• _What you will do_
A faithful copy of all the records is needed, with the pictures omitted.
◇ ◇ ◇ ◇ ◇
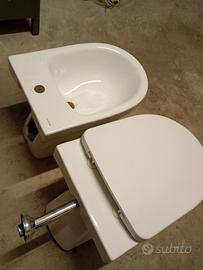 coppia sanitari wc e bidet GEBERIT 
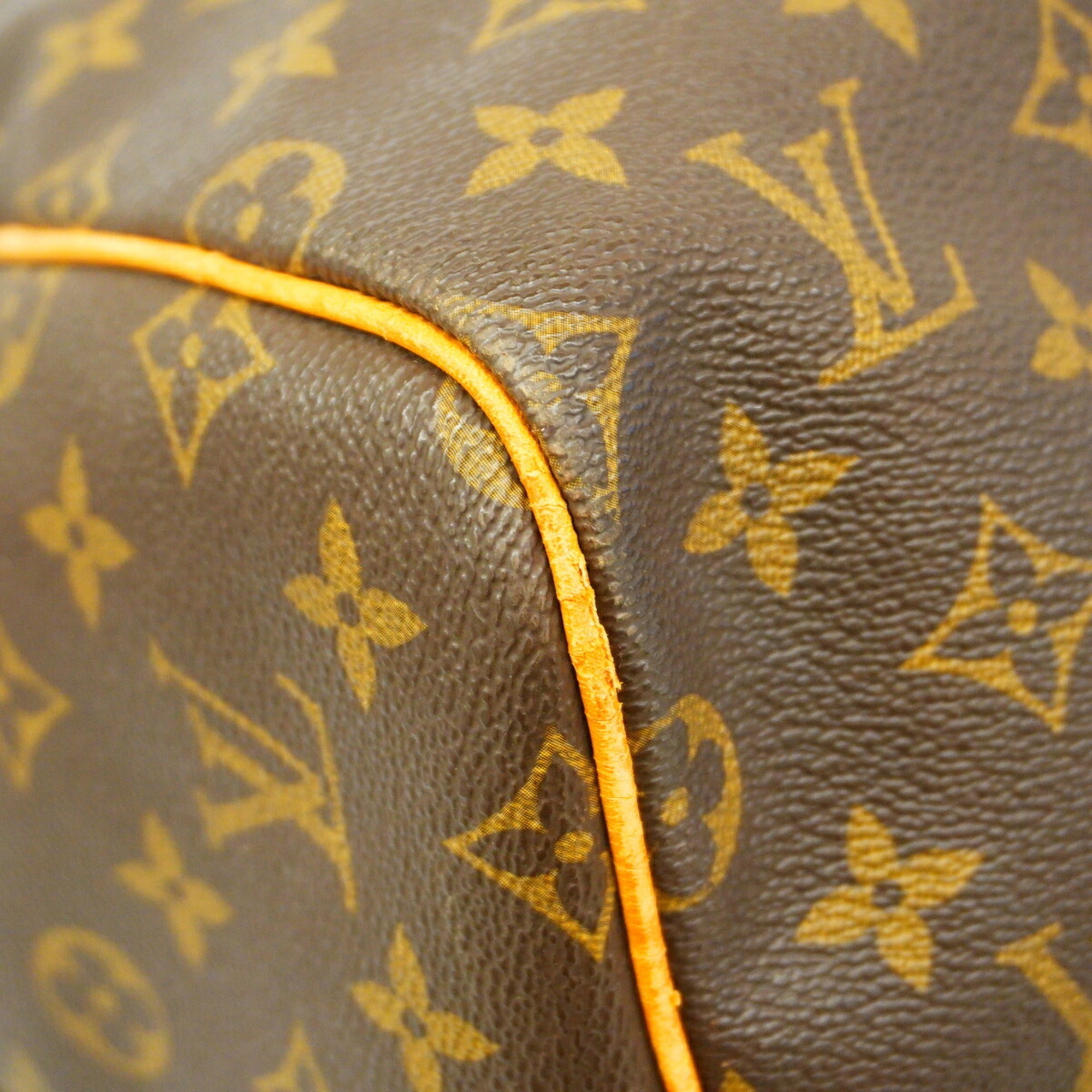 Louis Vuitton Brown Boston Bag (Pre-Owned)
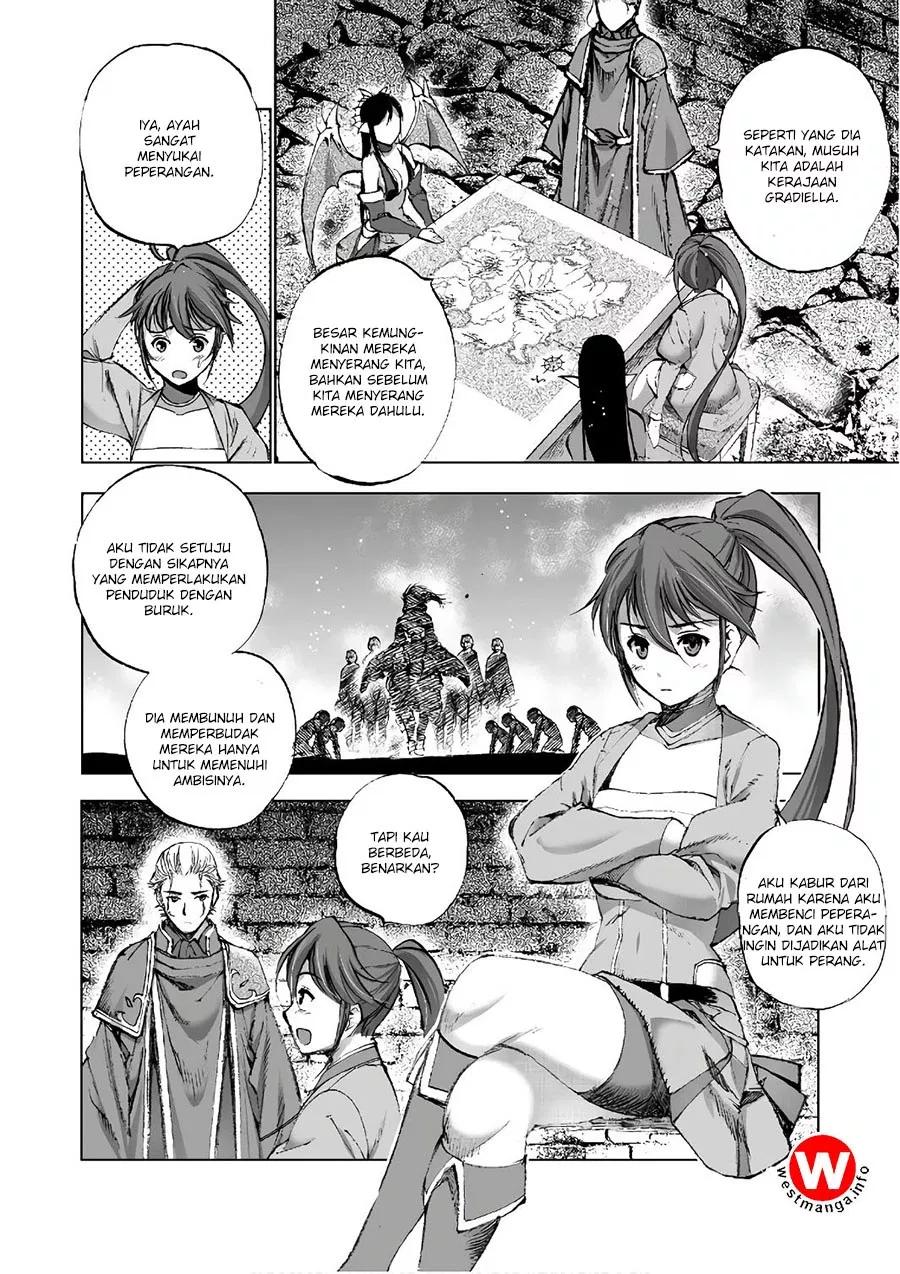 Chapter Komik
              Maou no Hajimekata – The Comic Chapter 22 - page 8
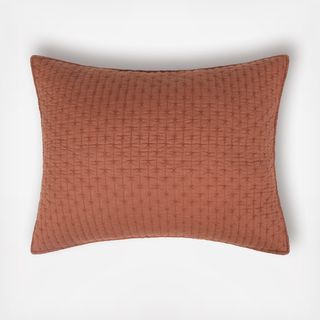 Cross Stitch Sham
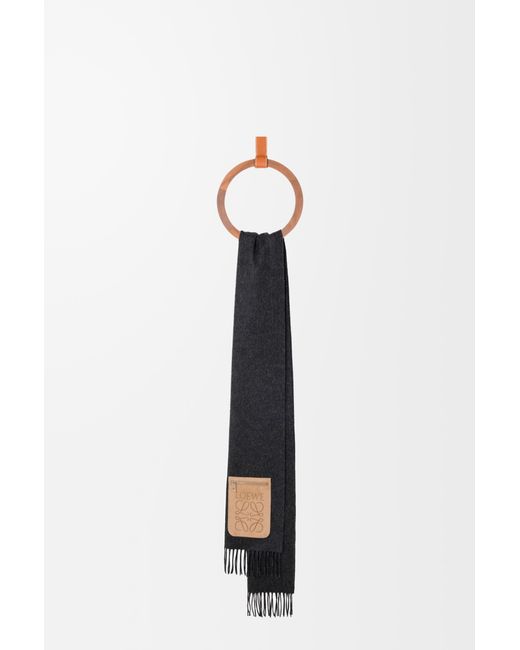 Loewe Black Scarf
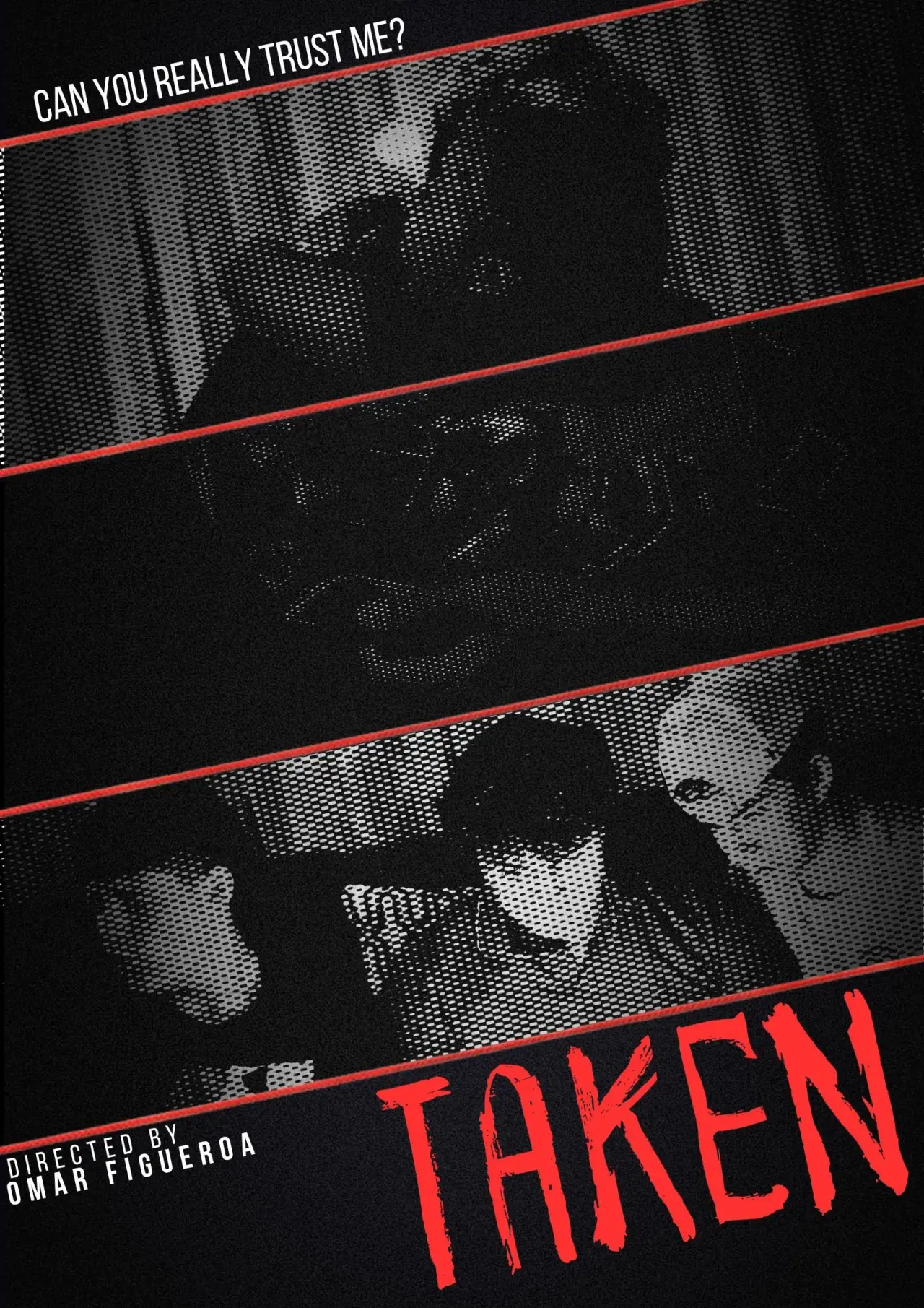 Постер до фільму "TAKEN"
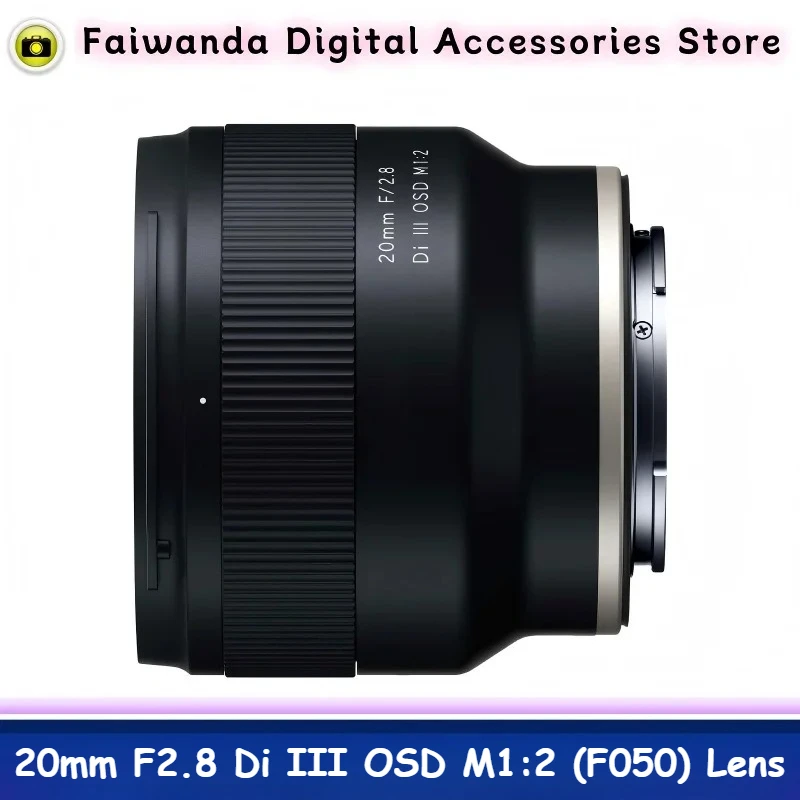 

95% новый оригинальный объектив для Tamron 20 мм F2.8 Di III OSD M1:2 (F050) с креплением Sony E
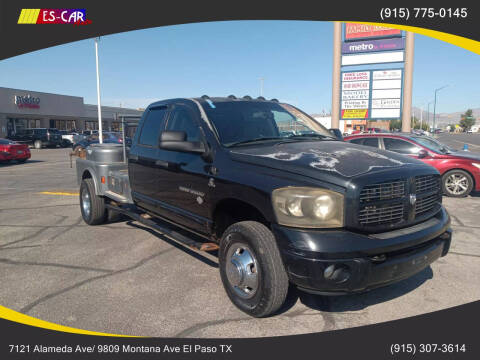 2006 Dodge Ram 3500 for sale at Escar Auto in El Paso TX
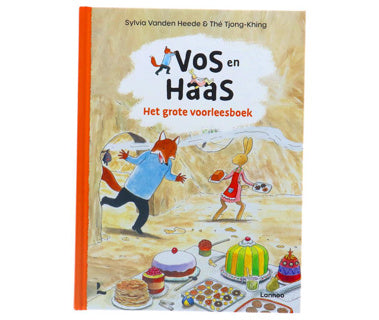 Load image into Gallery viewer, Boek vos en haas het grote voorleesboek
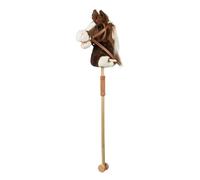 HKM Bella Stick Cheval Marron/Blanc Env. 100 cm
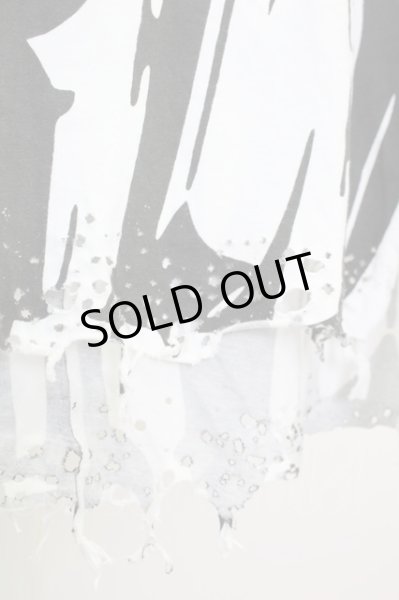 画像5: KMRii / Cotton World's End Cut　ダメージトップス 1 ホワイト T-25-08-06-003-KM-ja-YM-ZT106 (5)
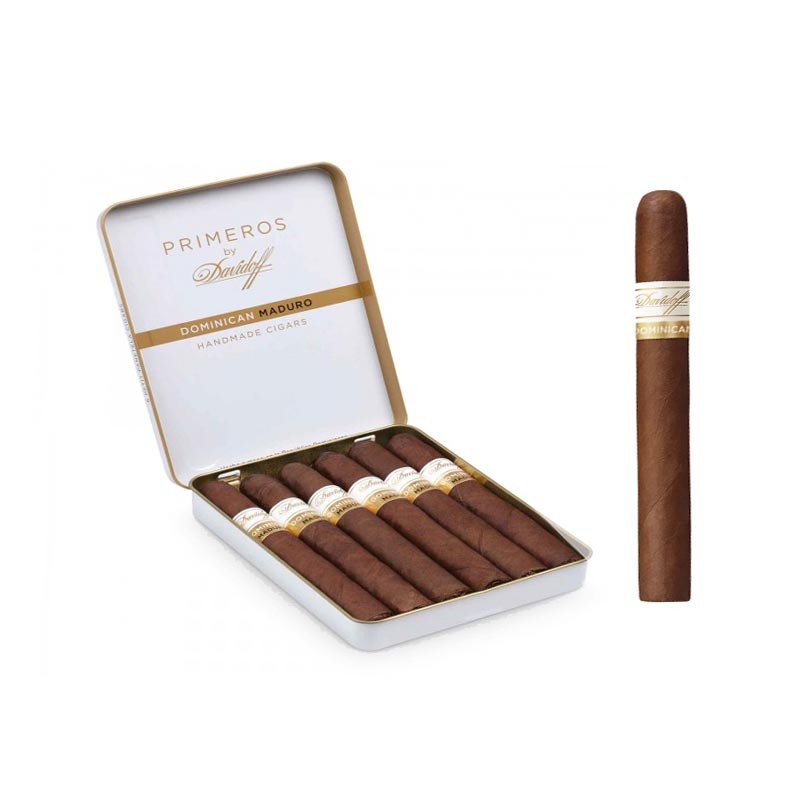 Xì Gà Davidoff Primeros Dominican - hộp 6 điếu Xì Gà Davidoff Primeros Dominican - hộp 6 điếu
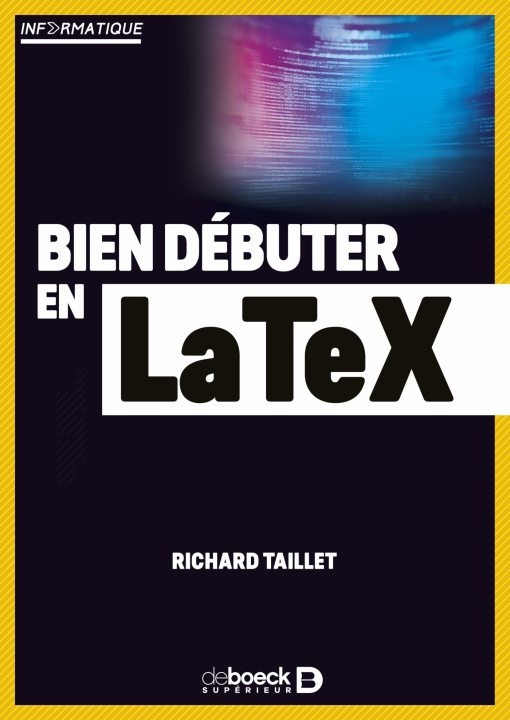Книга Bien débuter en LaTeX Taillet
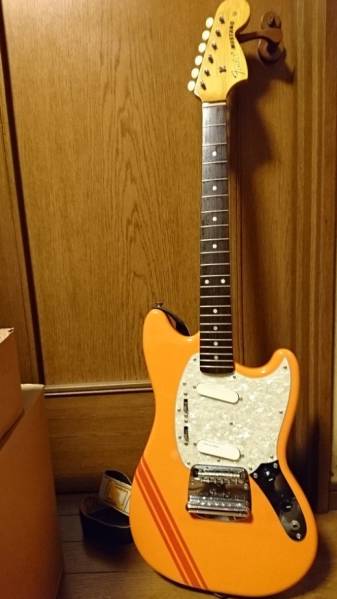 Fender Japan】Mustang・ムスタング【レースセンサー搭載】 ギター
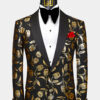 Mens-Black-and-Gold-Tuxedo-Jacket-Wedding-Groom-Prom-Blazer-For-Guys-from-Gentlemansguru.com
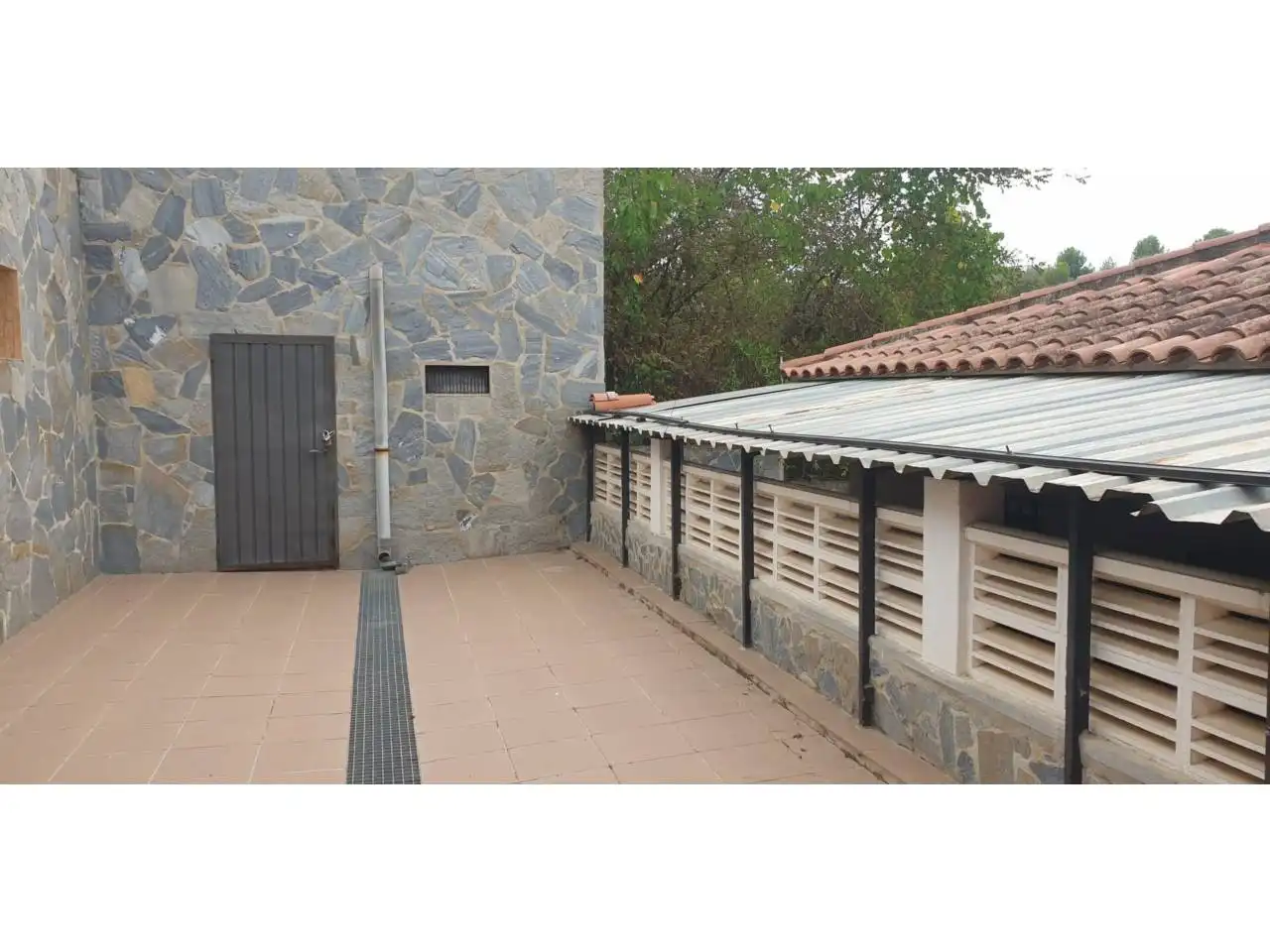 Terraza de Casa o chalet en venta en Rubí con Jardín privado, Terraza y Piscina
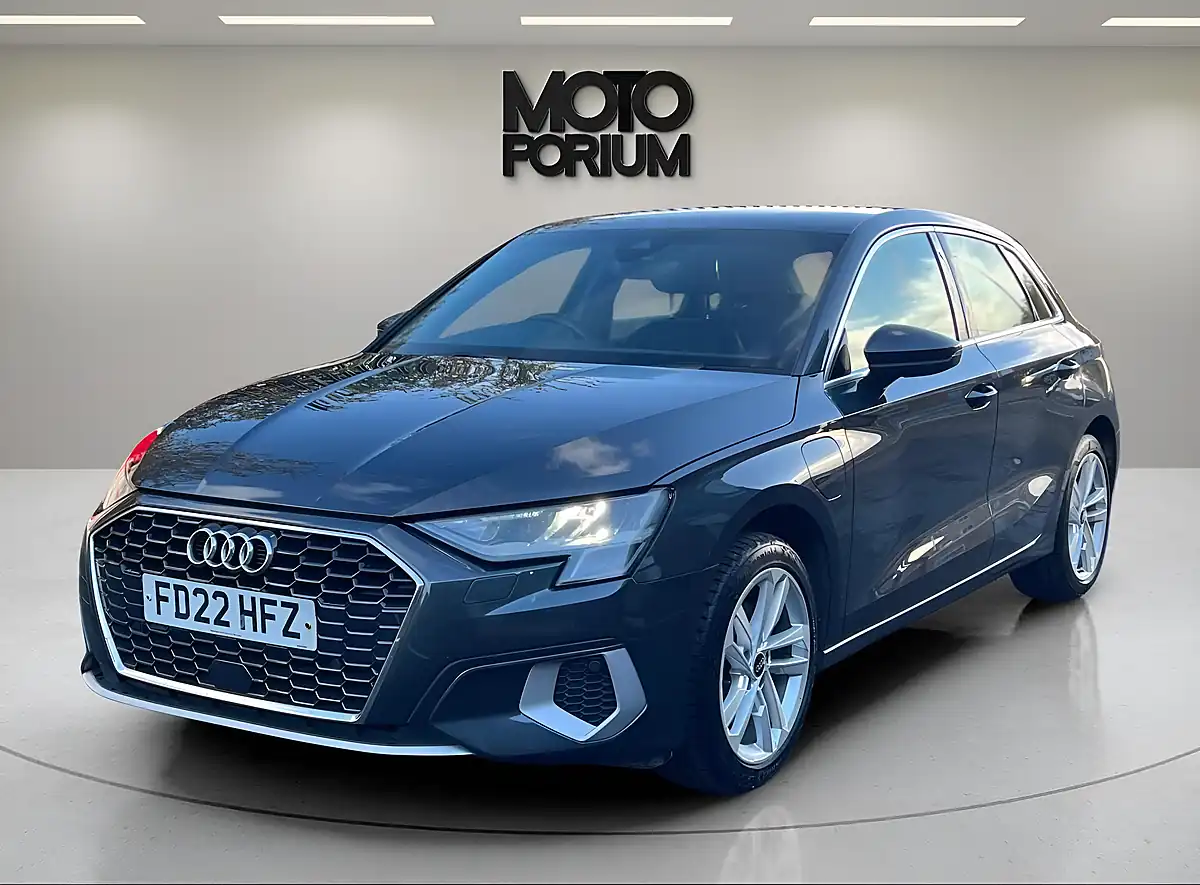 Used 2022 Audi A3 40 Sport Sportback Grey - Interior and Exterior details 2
◇ ◇ ◇ ◇ ◇
• _Solution to the exercise_
 coppia sanitari wc e bidet GEBERIT 
 Louis Vuitton Brown Boston Bag (Pre-Owned)
 Chapter Komik
              Maou no Hajimekata – The Comic Chapter 22 - page 8
 Cross Stitch Sham
 Loewe Black Scarf
 Постер до фільму "TAKEN"

95% новый оригинальный объектив для Tamron 20 мм F2.8 Di III OSD M1:2 (F050) с креплением Sony E
 2006 Dodge Ram 3500 for sale at Escar Auto in El Paso TX
 Load image into Gallery viewer, Boek vos en haas het grote voorleesboek
 HKM Bella Stick Cheval Marron/Blanc Env. 100 cm
 画像5: KMRii / Cotton World's End Cut　ダメージトップス 1 ホワイト T-25-08-06-003-KM-ja-YM-ZT106 (5)
 Xì Gà Davidoff Primeros Dominican - hộp 6 điếu Xì Gà Davidoff Primeros Dominican - hộp 6 điếu
Книга Bien débuter en LaTeX Taillet
 Fender Japan】Mustang・ムスタング【レースセンサー搭載】 ギター
 Mens-Black-and-Gold-Tuxedo-Jacket-Wedding-Groom-Prom-Blazer-For-Guys-from-Gentlemansguru.com
 Terraza de Casa o chalet en venta en Rubí con Jardín privado, Terraza y Piscina
 Used 2022 Audi A3 40 Sport Sportback Grey - Interior and Exterior details 2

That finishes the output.